Experiencing The Resurrection
Experiencing The Resurrection
Scripture: John 20:1-18
Experiencing the Resurrection
This week as I was reading the book of Acts for personal study, I became intrigued with what made the Early Church so distinct in the ancient Roman world.
You see, Rome was a nation built upon the foundation of fear. As long as the people feared Caesar, then he could keep and maintain power.
But what set Christians apart and made them offensive to the Roman government was not that they were proclaiming new information. Sure, their message about Jesus and his resurrection was unique and different. But I don’t think Rome really cared what people believed as long as people still respected their power and feared them.
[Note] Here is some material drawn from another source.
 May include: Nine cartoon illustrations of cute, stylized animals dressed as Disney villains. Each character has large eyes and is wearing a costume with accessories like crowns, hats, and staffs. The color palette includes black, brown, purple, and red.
But what made Christian’s a threat to society? What made the Roman officials say they were “turning the world upside down…” was that the information of the resurrection led to an entirely different experience of life.
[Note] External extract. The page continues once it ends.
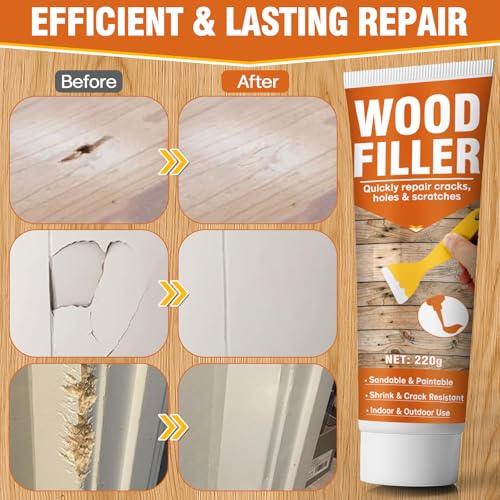Wood Filler,220g Paintable & Sandable Wood Putty –Low Odor, Shrink & Crack Resistant-Quick Repair for Cracks, Holes and Damage-For Indoor & Outdoor Wood Repair(White)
A fearless life. A life categorized by generosity to the poor, charity to their neighbor, reconciliation among social classes and people groups. The complete overhaul of all of the norms of Roman society.
My point is this… what made Christians unique in their world was not just that they proclaimed to believe information about the Jesus’ resurrection from the dead, it was that they experienced his resurrection in a way that transformed them from the inside out. They left fear behind, and embraced hope instead.
This morning this is how I want us to understand the resurrection. That what God is really calling us to is not to know more information about the resurrection, but to experience the beauty and freedom of it for ourselves.
So let’s look at John 20:1-18 and consider Mary’s experience of the resurrection.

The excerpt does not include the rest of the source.